## EXERCISE GOAL:
If pictures appear in the lines below, skip them and copy exactly the lines from the one containing "Square Cantilever Patio" through the one containing "Millie Green Leopard Blouse in Curvy", and nothing else.

## MATERIAL FOR THIS TASK:
=== Section Start ===
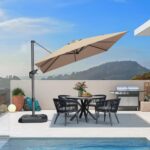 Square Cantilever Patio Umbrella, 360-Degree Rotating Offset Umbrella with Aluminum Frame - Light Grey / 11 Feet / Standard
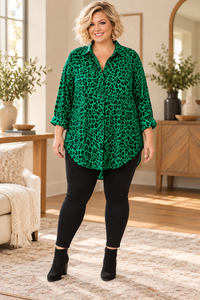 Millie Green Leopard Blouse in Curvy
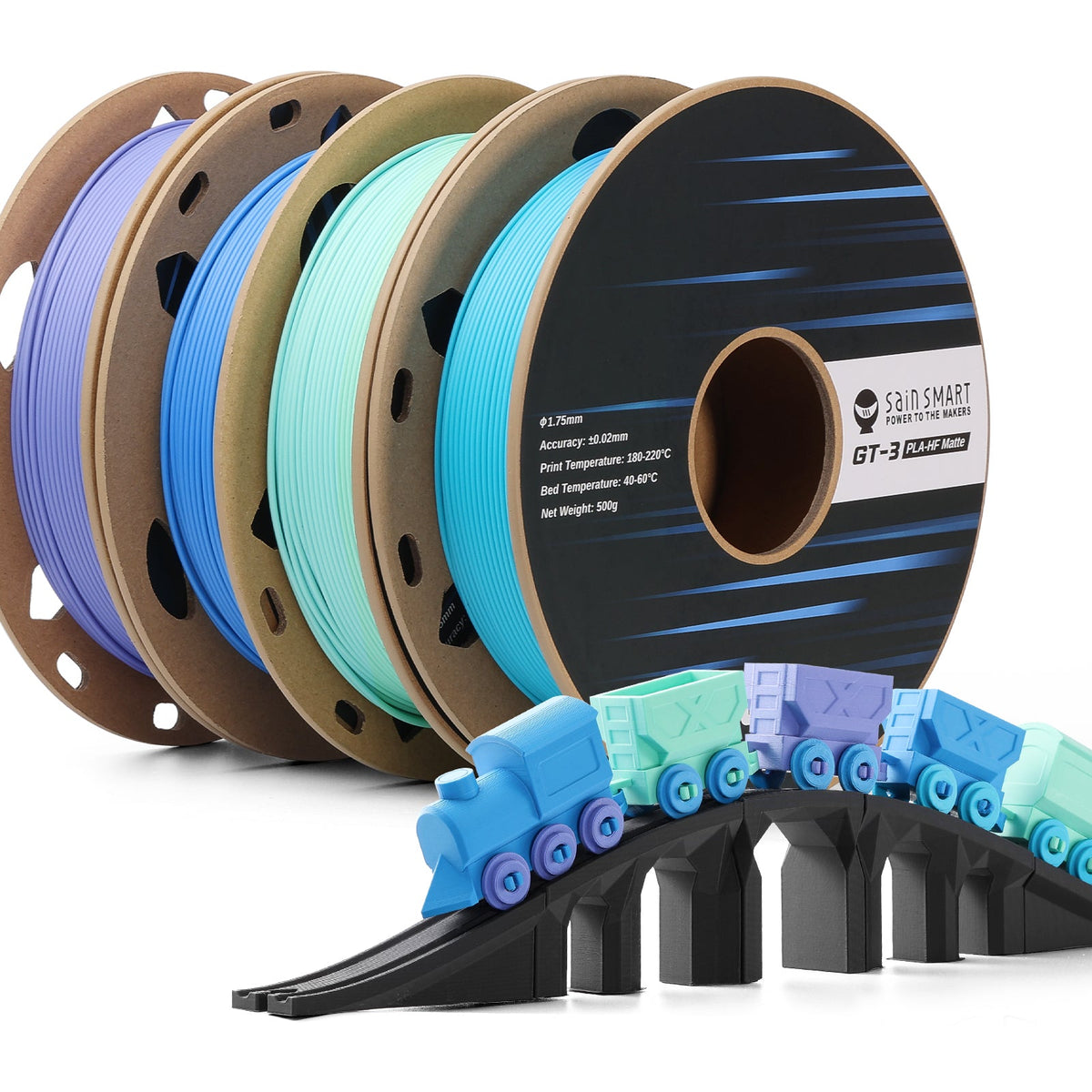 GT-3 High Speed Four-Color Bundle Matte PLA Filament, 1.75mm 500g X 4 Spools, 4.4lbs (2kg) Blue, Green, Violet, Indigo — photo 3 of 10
=== Section End ===
=== Section Start ===
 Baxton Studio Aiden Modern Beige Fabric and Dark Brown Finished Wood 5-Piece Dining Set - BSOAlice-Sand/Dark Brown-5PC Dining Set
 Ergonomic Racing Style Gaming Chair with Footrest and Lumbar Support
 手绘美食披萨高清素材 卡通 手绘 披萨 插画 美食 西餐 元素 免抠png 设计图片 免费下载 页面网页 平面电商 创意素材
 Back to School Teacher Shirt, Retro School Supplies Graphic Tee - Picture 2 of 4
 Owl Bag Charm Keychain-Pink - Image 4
=== Section End ===
## RESULT OF THIS EXERCISE:
 Square Cantilever Patio Umbrella, 360-Degree Rotating Offset Umbrella with Aluminum Frame - Light Grey / 11 Feet / Standard
 Millie Green Leopard Blouse in Curvy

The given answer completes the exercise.